Nach Monatsende werden die jeweiligen News archiviert und bleiben so im Gegensatz zu den meisten Online-News-Angeboten für historische Zwecke erhalten. Die meist als Quellen genannten URLs werden jedoch nach gewisser Zeit ablaufen, was langfristig zu Belegzwecken eine zusätzliche Quellenrecherche erforderlich macht.
Auch an Artikeln über Sex-Praktiken fehlt es bei Wikipedia nicht. Sex-Stellungen und sexuelle Fetische werden im Detail behandelt. Über Themen wie Sado-Masochismus findet man um Größenordnungen mehr Material als in jeder klassischen Enzyklopädie. Bizarre Neigungen wie Zoophilie werden ebenso diskutiert wie größere gesellschaftliche Probleme - Schwangerschaften, sexueller Missbrauch und die beides umgebende Hysterie. Selbst über "Nackte Promis im Internet" gibt es einen eigenen sachlichen Artikel, der vor allem durch entsprechende Suchmaschinen-Anfragen inspiriert wurde und täglich einige Sucher zu Wikipedia leitet, die wahrscheinlich nicht zu dauerhaften Wikipedia-Autoren werden.
Was fehlt
In der englischen Wikipedia sind die meisten Themenbereiche zumindest mit Basisinformationen gefüllt. In der deutschen klaffen dagegen noch riesige Lücken, wie man schnell feststellt, wenn man Kategorien wie z.B. Bildende Kunst durchblättert. Eine Spezialfunktion der Software zeigt an, welche Artikel von vielen anderen verlinkt werden, aber noch nicht existieren. Auf der deutschen Wikipedia sind dies derzeit so elementare Dinge wie Magen, Kreislauf, Emanzipation, Mystik, Realismus, Supermarkt, Befruchtung, Kalk, Sinai, Hermes, Zeremonie, Rationalismus.. Von einer vollständigen Enzyklopädie kann hier also noch nicht annähernd die Rede sein - bisher sind es ja auch nur rund 15000 Artikel.
Ganz anders auf der englischen Wikipedia - die "most wanted" sind hier meist Detailartikel wie "Grammy Awards des Jahres 1988", die von vielen Seiten referenziert werden (in diesem Fall als Teil einer Navigationshierarchie). Andere fehlende Artikel wie "James A. Michener" oder "University of Leipzig" sind zwar leicht irritierend, aber ähnlich verzeihlich wie manche Encarta-Lücken.
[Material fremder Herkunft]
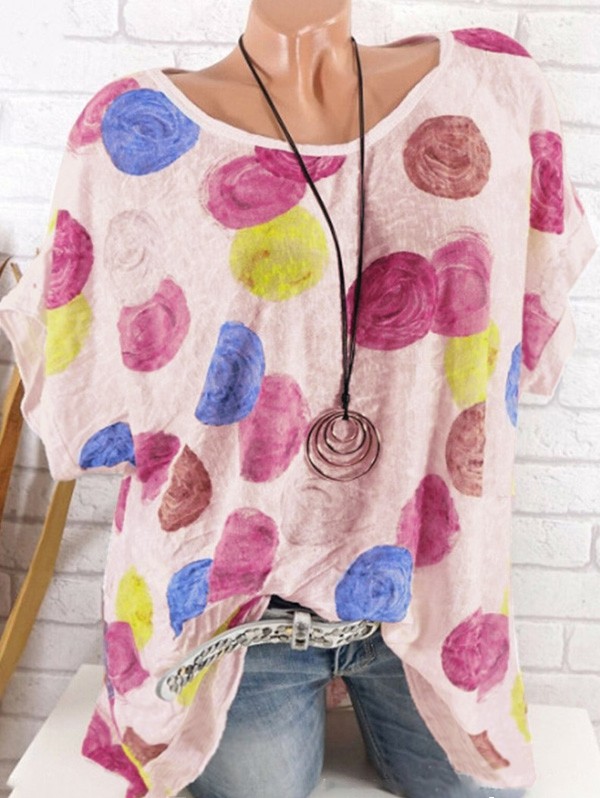 Plus Size Batwing Sleeve Printed Blouse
Der Artikelstatistik nach befindet sich die deutsche Wikipedia im Mai 2003 dort, wo die englische schon im Oktober 2001 war. Realistische Prognosen sind angesichts der technischen Situation von Wikipedia schwer möglich - die Software und der Server werden mit dem Benutzeransturm kaum noch fertig, und es ist unklar, wie lange diese Probleme noch andauern.